Economics:National pay agreements can count on few friends nowadays. More generally, it has become fashionable of late to denigrate the entire process of social partnership, writes Paul Tansey.
In the political arena, the partnership model stands accused of shifting the locus of real power in society from a democratically-elected Dáil to self-selecting social partners.
In the sphere of economics, the principal criticism levelled at national pay agreements - the centrepiece of the social partnership model - is that they cannot deliver pay restraint over time. Incomes policies, of which national pay agreements are a variant, do not work over the long haul.

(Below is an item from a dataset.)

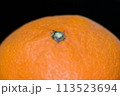 【柑橘】豊王【マクロ写真】 113523694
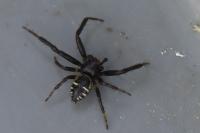 Synema globosum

To be successful, an incomes policy must reduce the rate of wage growth below what it would otherwise have been. Whatever chances there are of achieving such an outcome in the short term - due to appeals to patriotism, money illusion or gaps in information - incomes policies always fail in the long term. They fail because the forces of supply and demand ultimately assert themselves in the labour market.
Where, for example, labour is in short supply, employers will bid against each other for scarce workers, causing wage rates to drift above the prescribed terms of the ruling pay deal. Such wage drift has been much in evidence during the Irish boom.

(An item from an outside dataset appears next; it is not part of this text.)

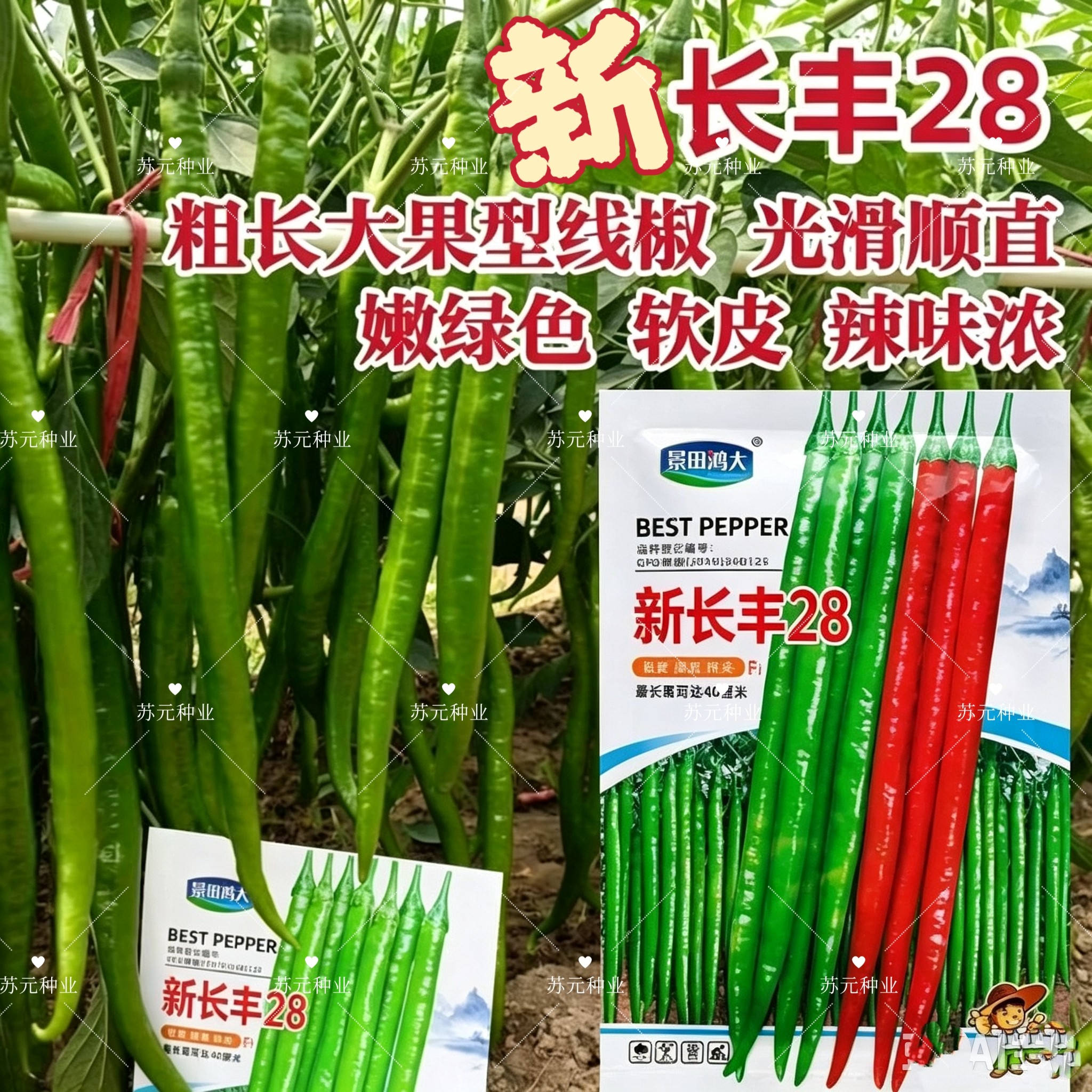 新长丰28辣椒种子杂交中早熟高产长线椒种籽尖椒辣椒蔬菜种籽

So there is substance to the criticism that national pay agreements do not moderate the rate of wage growth. What then are the economic benefits of such agreements?
First, and most important, national agreements have ushered in a prolonged period of industrial peace. This has produced a remarkable outcome in recent months. For the first time since detailed records were first compiled in 1985, in the third-quarter of 2007 there were no days lost to industrial disputes. No disputes began or were in progress during the quarter. Plenty of sabre-rattling, but nobody walked.
As shown in Table 1, current trends are the culmination of a process that has been continuous since the signing of the Programme for National Recovery in 1987.
Moreover, the complex machinery for the resolution of industrial disputes, which itself is a product of the partnership process, has been crucially important in stemming the incidence of strikes. Only those who do not remember the early 1980s can dismiss lightly the pleasures of industrial peace.
Second, the trading of tax cuts for moderate increases in money wages has been a hallmark of national pay agreements. In the short run, this proved highly successful in curbing money wage growth - thereby enhancing competitiveness - while at the same time ensuring sustained improvements in workers' real incomes.
However, the hidden benefits of this initiative are often overlooked. The trade-off gave ordinary workers a taste for tax cuts. Tax cuts became universally popular. As a result, from the early 1990s the tax-cutting agenda met with minimal political resistance. Reductions in taxes on labour not only played an important part in triggering the boom, but they created an economy in Ireland that remains both adaptable and flexible.
Third, over time, social partnership has become a broad church. Following the advice once proffered by former US president Lyndon Baines Johnson, Taoiseach Bertie Ahern has taken great pains to shepherd a wide array of interest groups into the partnership tent.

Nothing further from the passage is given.